Introduction

This document describes the output produced by the pipeline. Most of the plots are taken from the MultiQC report, which summarises results at the end of the pipeline.

The directories listed below will be created in the results directory after the pipeline has finished. All paths are relative to the top-level results directory.

Pipeline overview

The pipeline is built using Nextflow and processes data using the following steps:

  1. (optional) Conversion of spectra data to indexedMzML: Using ThermoRawFileParser if Thermo Raw or using OpenMS’ FileConverter if just an index is missing
  2. (optional) Decoy database generation for the provided DB (fasta) with OpenMS
  3. Database search with either MSGF+ and/or Comet through OpenMS adapters
  4. Re-mapping potentially identified peptides to the input database for consistency and error-checking (using OpenMS’ PeptideIndexer)
  5. PSM rescoring using PSMFeatureExtractor and Percolator or a PeptideProphet-like distribution fitting approach in OpenMS
  6. If multiple search engines were chosen, the results are combined with OpenMS’ ConsensusID
  7. If multiple search engines were chosen, a combined FDR is calculated
  8. Single run PSM/Peptide-level FDR filtering
  9. If localization of modifications was requested, Luciphor2 is applied via the OpenMS adapter
  10. Protein inference and labelfree quantification based on spectral counting or MS1 feature detection, alignment and integration with OpenMS’ ProteomicsLFQ. Performs an additional experiment-wide FDR filter on protein (and if requested peptide/PSM-level).

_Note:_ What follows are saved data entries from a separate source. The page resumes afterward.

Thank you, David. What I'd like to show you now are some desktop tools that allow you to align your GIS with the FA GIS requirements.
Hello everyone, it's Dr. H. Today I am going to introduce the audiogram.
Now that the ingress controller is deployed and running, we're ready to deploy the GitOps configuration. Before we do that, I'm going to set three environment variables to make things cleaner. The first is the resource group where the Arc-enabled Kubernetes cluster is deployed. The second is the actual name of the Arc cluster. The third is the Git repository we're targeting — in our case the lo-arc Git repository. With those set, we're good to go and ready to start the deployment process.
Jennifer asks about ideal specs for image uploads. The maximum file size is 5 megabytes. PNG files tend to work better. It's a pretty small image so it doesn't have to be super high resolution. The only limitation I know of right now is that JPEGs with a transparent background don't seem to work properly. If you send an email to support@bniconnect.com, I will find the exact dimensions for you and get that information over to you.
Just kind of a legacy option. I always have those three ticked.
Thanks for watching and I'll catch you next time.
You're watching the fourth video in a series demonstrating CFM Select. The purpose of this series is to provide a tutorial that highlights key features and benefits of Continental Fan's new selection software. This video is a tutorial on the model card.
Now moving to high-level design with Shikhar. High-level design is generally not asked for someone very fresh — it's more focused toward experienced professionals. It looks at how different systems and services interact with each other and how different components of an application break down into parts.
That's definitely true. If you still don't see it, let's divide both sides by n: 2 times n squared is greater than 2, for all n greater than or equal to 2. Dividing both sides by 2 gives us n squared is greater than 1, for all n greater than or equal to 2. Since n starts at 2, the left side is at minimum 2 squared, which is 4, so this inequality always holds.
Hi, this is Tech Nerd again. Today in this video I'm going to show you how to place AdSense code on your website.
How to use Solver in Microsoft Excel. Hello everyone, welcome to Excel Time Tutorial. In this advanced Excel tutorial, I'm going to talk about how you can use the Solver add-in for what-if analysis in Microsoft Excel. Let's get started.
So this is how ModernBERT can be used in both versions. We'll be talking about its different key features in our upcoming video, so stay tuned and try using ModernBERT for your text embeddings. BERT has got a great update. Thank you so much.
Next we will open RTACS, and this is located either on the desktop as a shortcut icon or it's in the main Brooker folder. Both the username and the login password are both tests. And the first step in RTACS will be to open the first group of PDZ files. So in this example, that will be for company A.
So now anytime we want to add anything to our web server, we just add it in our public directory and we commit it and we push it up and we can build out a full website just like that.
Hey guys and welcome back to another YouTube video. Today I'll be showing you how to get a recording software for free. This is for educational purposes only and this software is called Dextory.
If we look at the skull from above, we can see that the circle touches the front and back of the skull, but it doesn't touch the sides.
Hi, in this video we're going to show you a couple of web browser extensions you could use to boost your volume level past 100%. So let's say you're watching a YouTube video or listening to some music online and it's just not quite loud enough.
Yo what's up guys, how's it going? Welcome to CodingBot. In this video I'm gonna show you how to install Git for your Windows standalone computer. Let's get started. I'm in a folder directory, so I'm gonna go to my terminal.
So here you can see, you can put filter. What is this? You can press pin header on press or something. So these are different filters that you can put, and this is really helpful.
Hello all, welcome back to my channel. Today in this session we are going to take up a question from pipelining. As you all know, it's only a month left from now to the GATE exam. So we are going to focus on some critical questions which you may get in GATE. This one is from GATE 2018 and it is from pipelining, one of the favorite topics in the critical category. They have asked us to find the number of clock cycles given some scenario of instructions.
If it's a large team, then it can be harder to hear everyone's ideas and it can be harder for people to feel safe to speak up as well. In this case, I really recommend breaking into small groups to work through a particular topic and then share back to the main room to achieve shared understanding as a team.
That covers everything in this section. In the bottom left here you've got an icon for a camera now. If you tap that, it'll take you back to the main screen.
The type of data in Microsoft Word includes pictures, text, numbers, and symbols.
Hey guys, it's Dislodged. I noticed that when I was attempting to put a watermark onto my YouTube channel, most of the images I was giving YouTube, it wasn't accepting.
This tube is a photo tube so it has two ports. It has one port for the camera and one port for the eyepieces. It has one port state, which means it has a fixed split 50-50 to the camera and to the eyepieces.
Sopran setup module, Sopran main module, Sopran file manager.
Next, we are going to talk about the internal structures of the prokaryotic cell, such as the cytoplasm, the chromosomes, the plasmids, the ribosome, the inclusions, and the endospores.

A rough visualization follows:

proteomicslfq workflow

Output structure

Output is by default written to the $NXF_WORKSPACE/results folder. The output consists of the following folders (follow the links for a more detailed description):

results

Output description

Nextflow pipeline info

Nextflow provides excellent functionality for generating various reports relevant to the running and execution of the pipeline. This will allow you to troubleshoot errors with the running of the pipeline, and also provide you with other information such as launch commands, run times and resource usage.

Output files:

  • pipeline_info/
    • Reports generated by Nextflow: execution_report.html, execution_timeline.html, execution_trace.txt and pipeline_dag.dot/pipeline_dag.svg.
    • Reports generated by the pipeline: pipeline_report.html, pipeline_report.txt and software_versions.csv.
    • Documentation for interpretation of results in HTML format: results_description.html.

Identifications

Intermediate output for the PSM/peptide-level filtered identifications per raw/mzML file in OpenMS’ internal idXML format.

ProteomicsLFQ main output

The proteomics_lfq folder contains the output of the pipeline without any statistical postprocessing. It is available in three different formats:

ConsensusXML

A consensusXML file as the closest representation of the internal data structures generated by OpenMS. Helpful for debugging and downstream processing with OpenMS tools.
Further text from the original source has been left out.